Moshe Ponti, presidente della federazione israeliana di Judo, ha deciso però di non rinunciare all’importante manifestazione sportiva, che con un buon risultato avrebbe garantito la partecipazione ai Giochi Olimpici del prossimo anno, e ha ottenuto dal comitato organizzatore la promessa che le guardie del corpo del re avrebbero protetto la delegazione israeliana durante il soggiorno a Rabat. Nel frattempo però il sito web ufficiale della competizione aveva già rimosso la bandiera israeliana e la lista dei partecipanti di Israele causando un certo malcontento tra i vertici della federazione israeliana.
Giunti a Rabat gli atleti sono stati tenuti all’aeroporto per più di otto ore in una stanza senza sedie, acqua e cibo. La motivazione fornita dalle autorità marocchine è stata che gli atleti non disponevano del visto necessario e hanno aggiunto che uno di questi aveva un’arma nella sua valigia. Anche durante il primo giorno della competizione l’ostilità nei confronti degli israeliani era palpabile: nessuna bandiera per lo Stato ebraico e un comportamento altamente anti-sportivo da parte del pubblico che ha continuamente minacciato di morte gli atleti israeliani.

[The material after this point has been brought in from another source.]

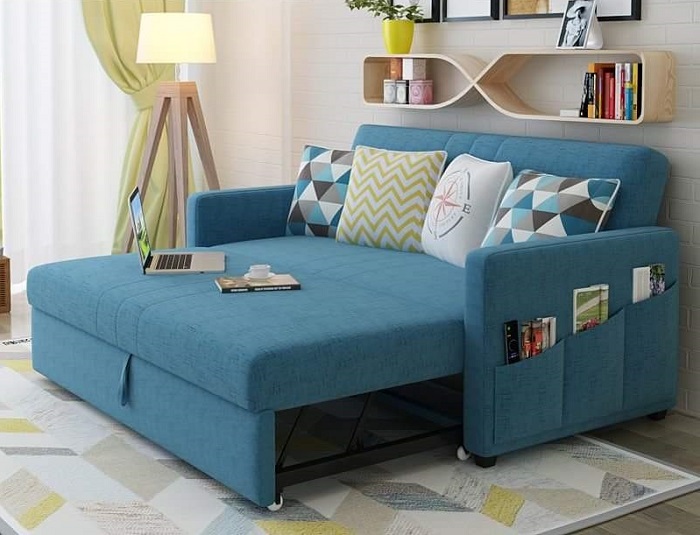 Ghế sofa màu xanh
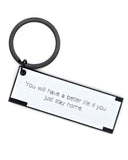 Just Stay Home Fortune Keychain-Stay Home Club-Strange Ways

Nonostante questo la federazione israeliana ha raggiunto dei buoni risultati con due atleti piazzati quinti e tre al settimo posto. Secondo Yarden Gerbi, ex campione del mondo, “ciò che è successo in Marocco è una disgrazia. Mi vergogno di cosa è accaduto all’aeroporto e durante le gare. Siamo andati li per lo sport e non per la politica.” Moshe Ponti invece ha voluto ribadire che “gli atleti israeliani continueranno ad andare in tutti i paesi arabi che lo permettono, abbiamo fatto la cosa giusta.”